Information given
..........

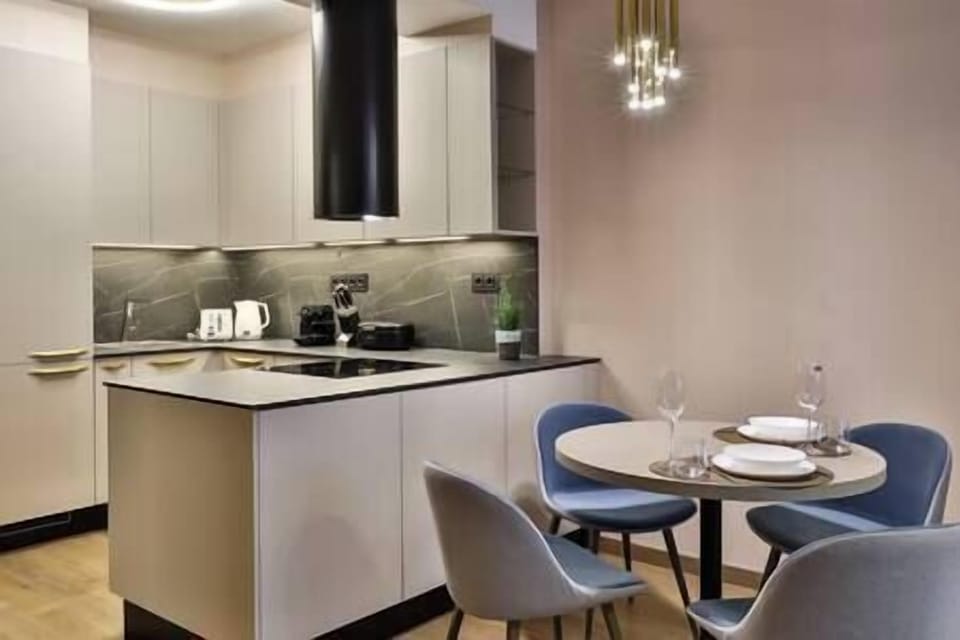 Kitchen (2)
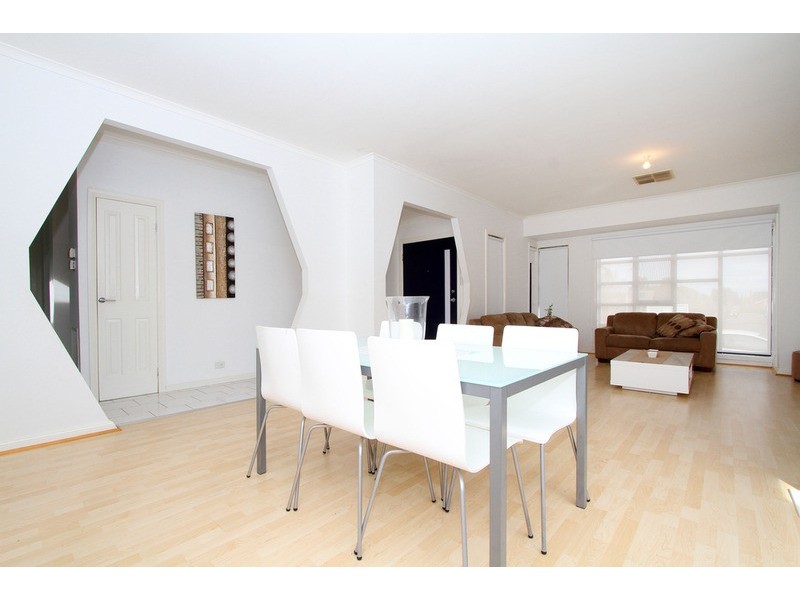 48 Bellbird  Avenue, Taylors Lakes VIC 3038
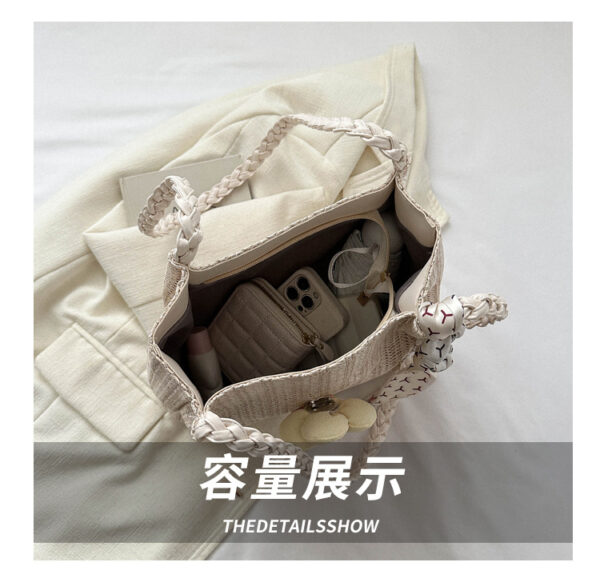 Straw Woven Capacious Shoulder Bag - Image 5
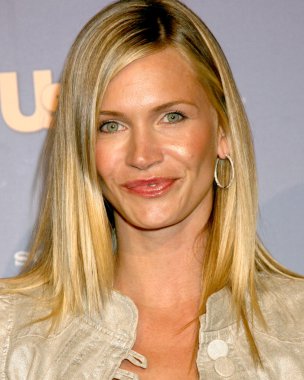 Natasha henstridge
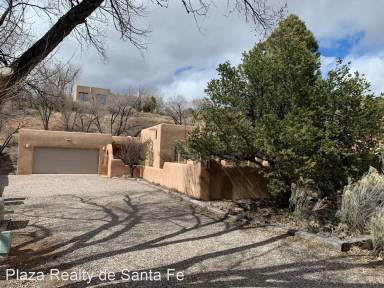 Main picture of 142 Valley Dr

..........

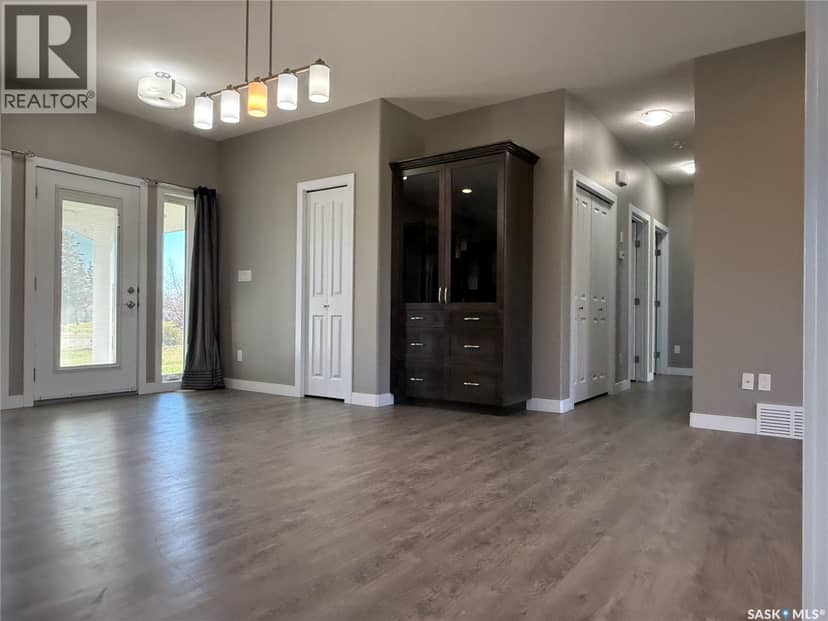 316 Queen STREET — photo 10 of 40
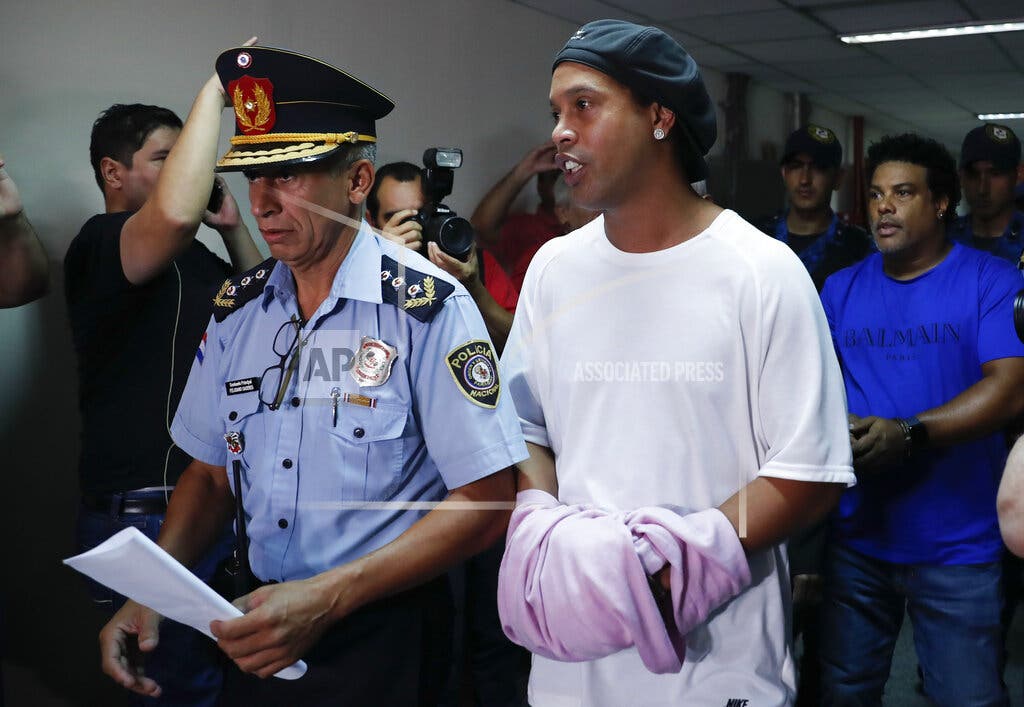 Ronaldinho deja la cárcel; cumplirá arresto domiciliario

..........

Problem to solve
The answer must be the part of the records that opens with the line containing "316 Queen STREET — photo 10 of 40" and closes with the line containing "Ronaldinho deja la", reproduced exactly, with no pictures.

Completed task
 316 Queen STREET — photo 10 of 40
 Ronaldinho deja la cárcel; cumplirá arresto domiciliario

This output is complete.